[Go-essp-tech] ESG CMIP5 notification and inquiry requirements

Tue Nov 9 11:31:42 MST 2010

Dear all,

I am concerned that we will be unable to help users learn when CMIP5 
data they have downloaded has been withdrawn (presumably because it is 
flawed).  Here are some common "use cases" that ESG should be able to 
handle (but I don't think it currently does).

1.  A user downloads some files on December 12, 2010.  Three months 
later he wants to know
    a) if any files he downloaded were withdrawn (i.e., found to be 
flawed).
    b) if similar data from other models (or replacement data from 
models he has already downloaded) has become available.
    c) the reasons for data being withdrawn or replaced.  (For example, 
was the data in the file flawed?  Was the data mislabeled?   Were some 
of the attributes incorrect?  If so, which ones?)

2.  A user wishes to be informed by email when files he has downloaded 
have been withdrawn, and he wants to know the reasons for their withdrawal.
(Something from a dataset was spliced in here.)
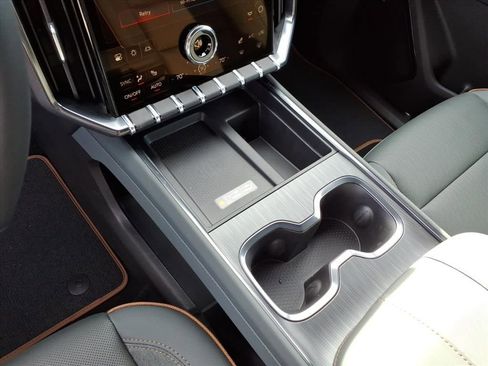 New 2026 GMC Acadia AT4 image 12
3.  A user wishes to be informed by email when new files in his area of 
interest become available.  (The user would define "area of interest" in 
terms of a set of DRS identifiers, e.g., experiment, variable name, MIP 
table).

4.  A reader of a journal article wants to know whether any of the data 
used in a study has been withdrawn and the reasons for its withdrawal.  
The DOI's for the dataset(s) are included in the article, and the user 
knows what variables are used from that dataset.  How does he learn 
whether the data were subsequently withdrawn, and the reasons?
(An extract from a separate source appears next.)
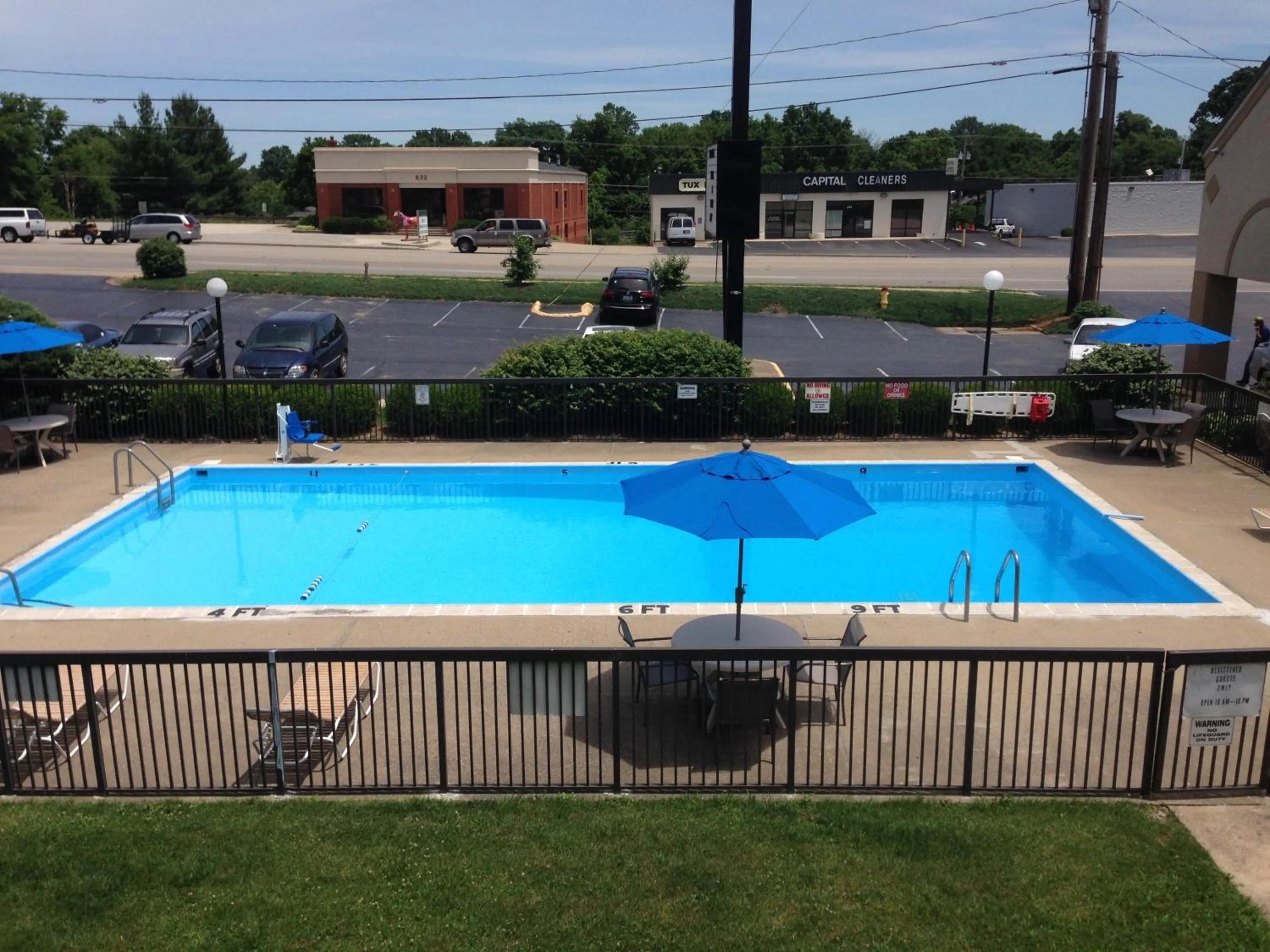 Swimming pool in Bluegrass Inn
It is my understanding that the assignment of versions in the present 
system is based on "dataset", whereas most users will only be interested 
in a tiny portion of the dataset (e.g., a single variable, rather than 
the perhaps 100 variables that might be included in the dataset).   It 
would be very little help if the user could learn only about changes at 
the dataset level (which might occur because a single  variable was 
added withdrawn or replaced).  Also the *reason* for any changes to a 
dataset should always be made clear.  So, the challenges would seem to be:

1.  Making sure data providers recorded information about why changes 
were made to their datasets.

2.  Being able to report changes applied only to the subset of files in 
a dataset that are of interest to any particular user.  This is 
especially important, since if a user only is interested in 1 out of 100 
variables, he doesn't want to be bothered with messages about changes to 
the dataset that didn't affect the variable he is interested in.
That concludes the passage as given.